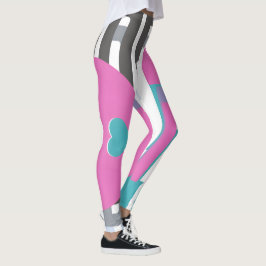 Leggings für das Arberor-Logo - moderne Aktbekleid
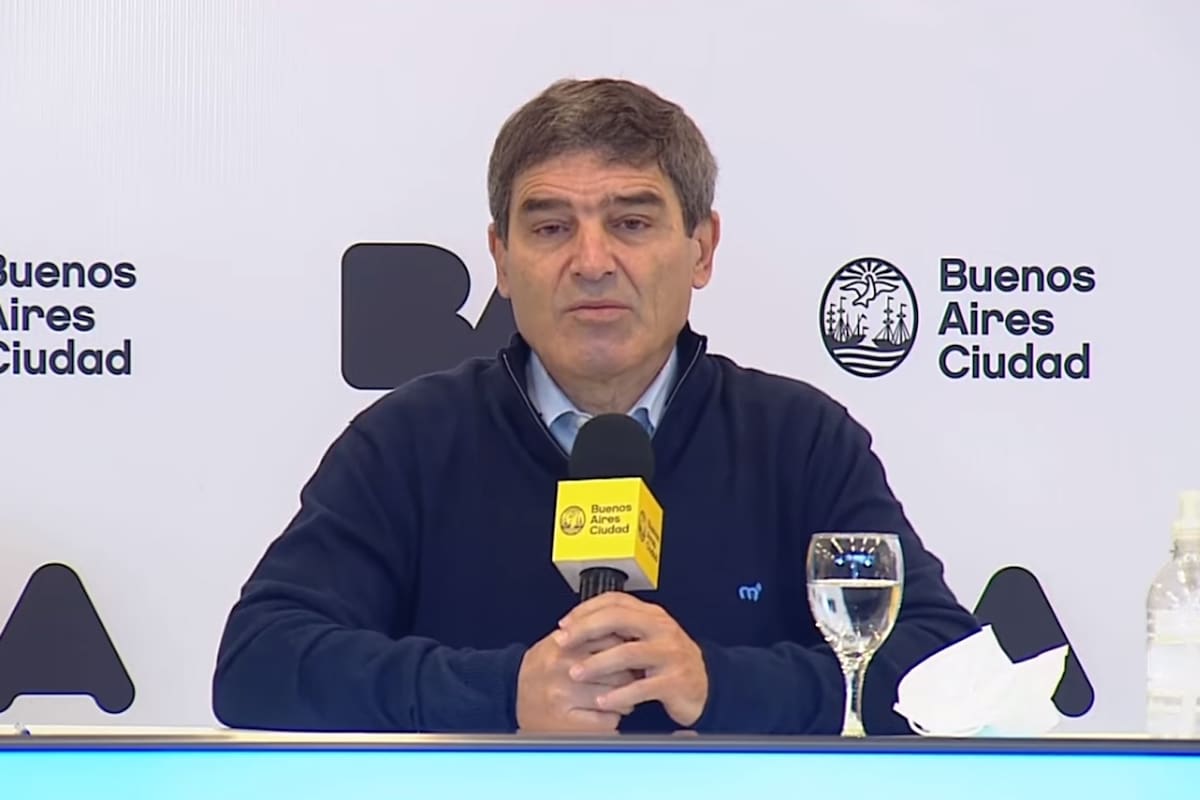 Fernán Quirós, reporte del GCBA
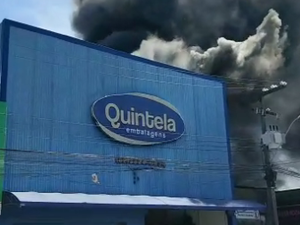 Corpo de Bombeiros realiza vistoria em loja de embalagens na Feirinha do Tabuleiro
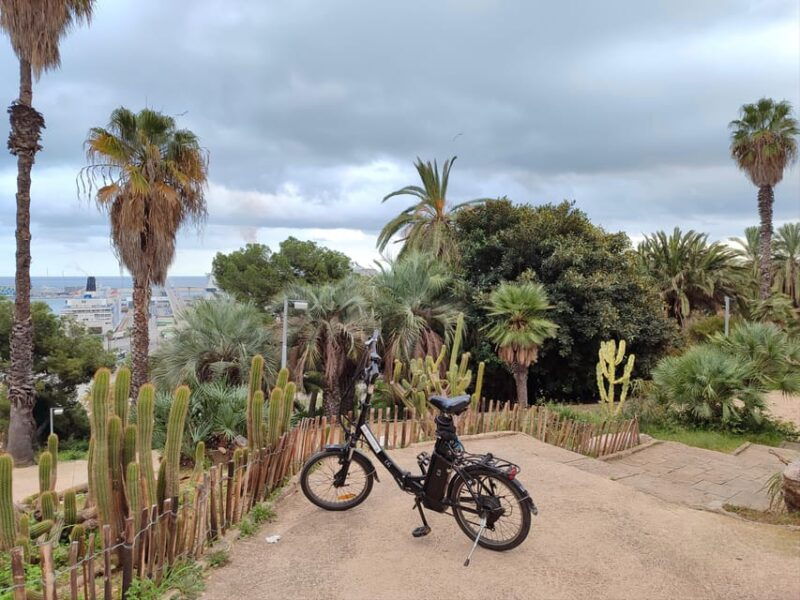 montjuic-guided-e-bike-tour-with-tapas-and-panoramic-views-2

━━━━━━

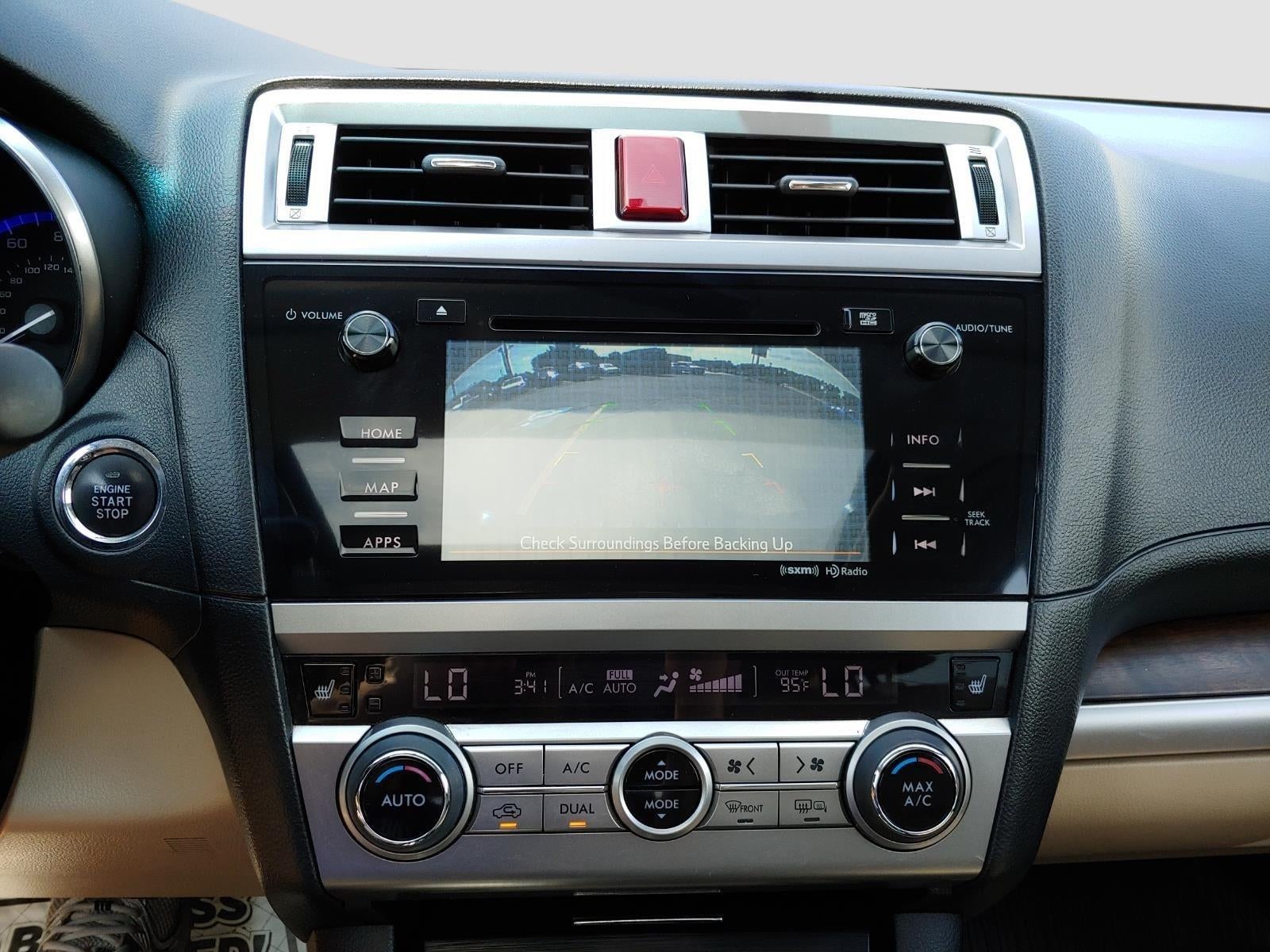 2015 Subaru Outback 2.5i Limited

━━━━━━

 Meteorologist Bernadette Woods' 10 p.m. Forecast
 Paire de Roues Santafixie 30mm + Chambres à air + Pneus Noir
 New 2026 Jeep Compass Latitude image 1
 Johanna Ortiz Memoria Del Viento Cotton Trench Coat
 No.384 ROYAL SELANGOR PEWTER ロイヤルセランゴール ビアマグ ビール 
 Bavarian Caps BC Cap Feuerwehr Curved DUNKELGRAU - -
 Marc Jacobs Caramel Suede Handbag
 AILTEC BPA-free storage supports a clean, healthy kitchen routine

━━━━━━

WHAT YOU WILL DO: Keep both end lines and retype everything in the records above from the line containing "Meteorologist Bernadette Woods'" through the line containing "AILTEC BPA-free storage", exactly, with nothing else.

TASK OUTPUT:
 Meteorologist Bernadette Woods' 10 p.m. Forecast
 Paire de Roues Santafixie 30mm + Chambres à air + Pneus Noir
 New 2026 Jeep Compass Latitude image 1
 Johanna Ortiz Memoria Del Viento Cotton Trench Coat
 No.384 ROYAL SELANGOR PEWTER ロイヤルセランゴール ビアマグ ビール 
 Bavarian Caps BC Cap Feuerwehr Curved DUNKELGRAU - -
 Marc Jacobs Caramel Suede Handbag
 AILTEC BPA-free storage supports a clean, healthy kitchen routine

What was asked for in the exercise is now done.